• **TASK DESCRIPTION**: Below are some records. Output the lines from the first one through the line that holds "Innocent Clothing Innocent", exactly as written, with no pictures.

(Short text fragments from websites)
##########
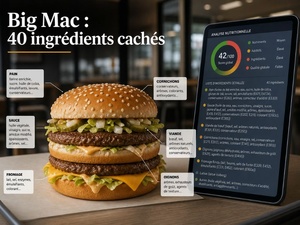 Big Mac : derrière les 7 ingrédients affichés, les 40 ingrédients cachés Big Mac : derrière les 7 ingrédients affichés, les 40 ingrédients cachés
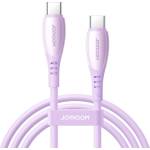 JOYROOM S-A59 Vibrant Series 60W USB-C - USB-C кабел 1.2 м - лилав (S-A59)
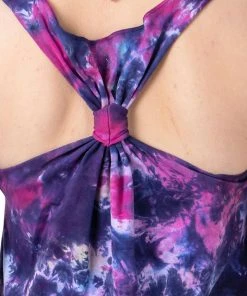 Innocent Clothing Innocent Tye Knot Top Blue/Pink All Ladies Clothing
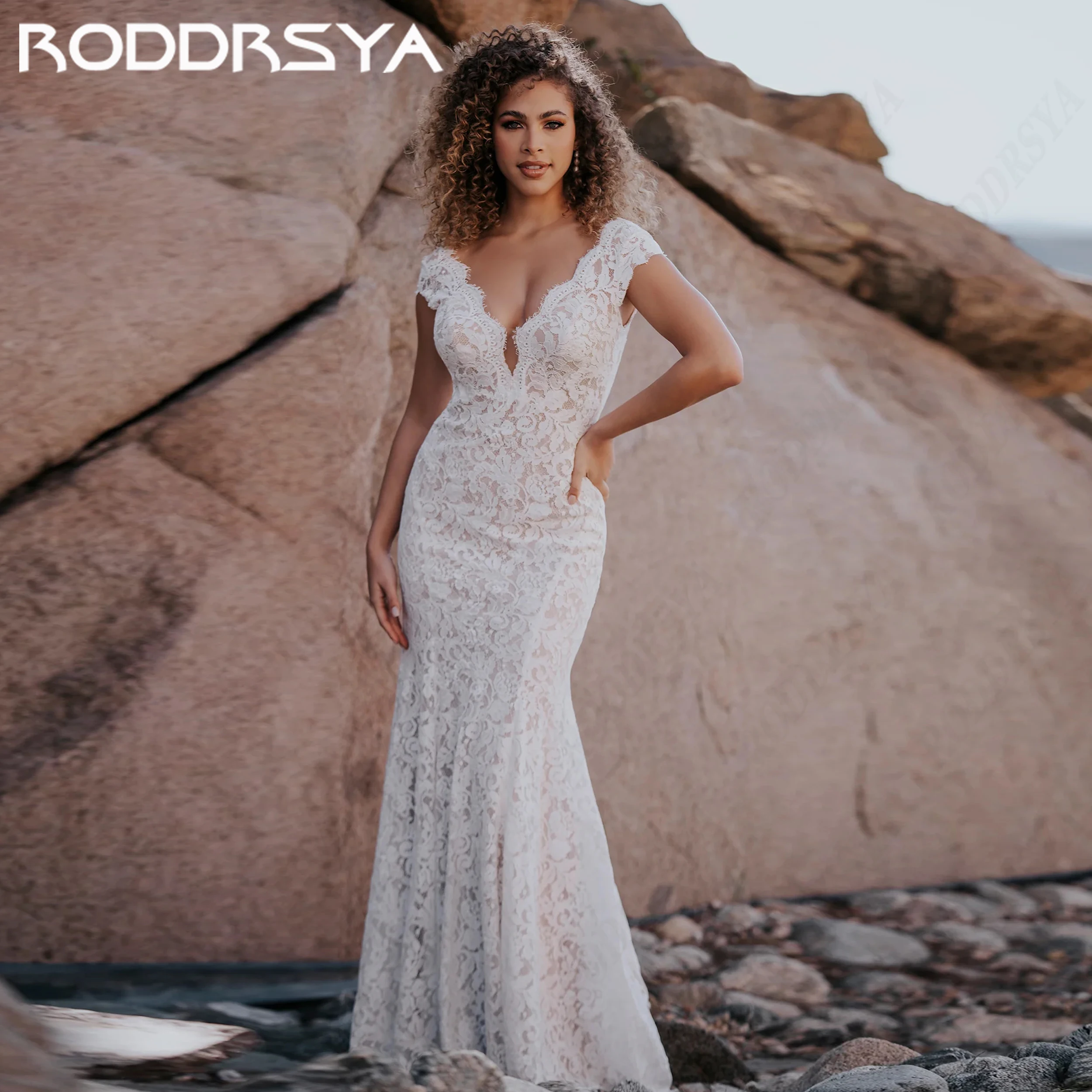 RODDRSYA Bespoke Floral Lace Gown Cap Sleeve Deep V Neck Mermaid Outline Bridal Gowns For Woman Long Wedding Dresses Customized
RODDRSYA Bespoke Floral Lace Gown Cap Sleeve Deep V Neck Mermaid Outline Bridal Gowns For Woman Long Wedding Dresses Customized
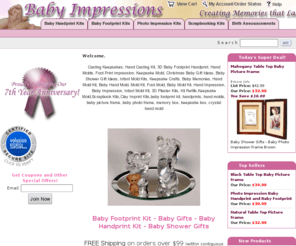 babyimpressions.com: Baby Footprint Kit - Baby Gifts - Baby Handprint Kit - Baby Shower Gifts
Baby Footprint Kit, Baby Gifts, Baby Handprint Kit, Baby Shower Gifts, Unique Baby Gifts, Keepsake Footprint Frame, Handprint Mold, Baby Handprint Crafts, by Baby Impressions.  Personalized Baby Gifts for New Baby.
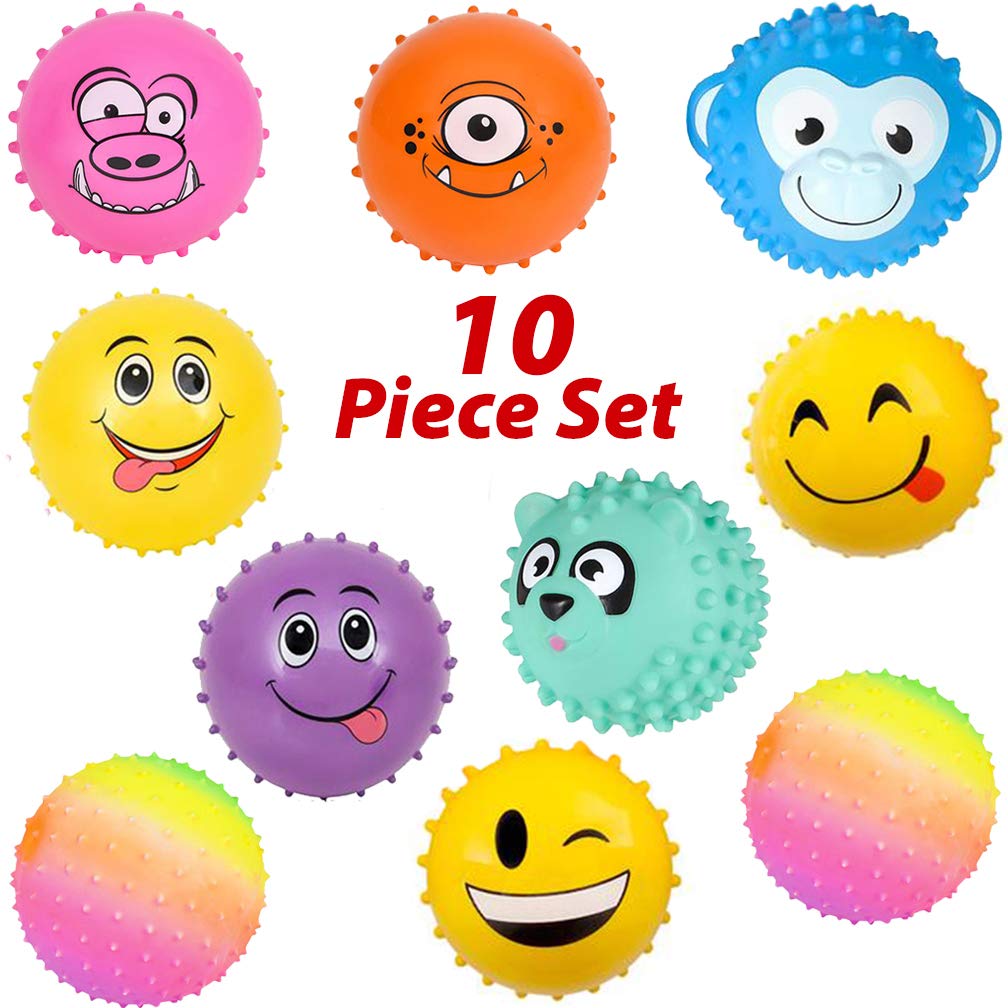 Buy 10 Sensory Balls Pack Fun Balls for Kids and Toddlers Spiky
##########
• **SOLUTION TO THIS TASK**:
 Big Mac : derrière les 7 ingrédients affichés, les 40 ingrédients cachés Big Mac : derrière les 7 ingrédients affichés, les 40 ingrédients cachés
 JOYROOM S-A59 Vibrant Series 60W USB-C - USB-C кабел 1.2 м - лилав (S-A59)
 Innocent Clothing Innocent Tye Knot Top Blue/Pink All Ladies Clothing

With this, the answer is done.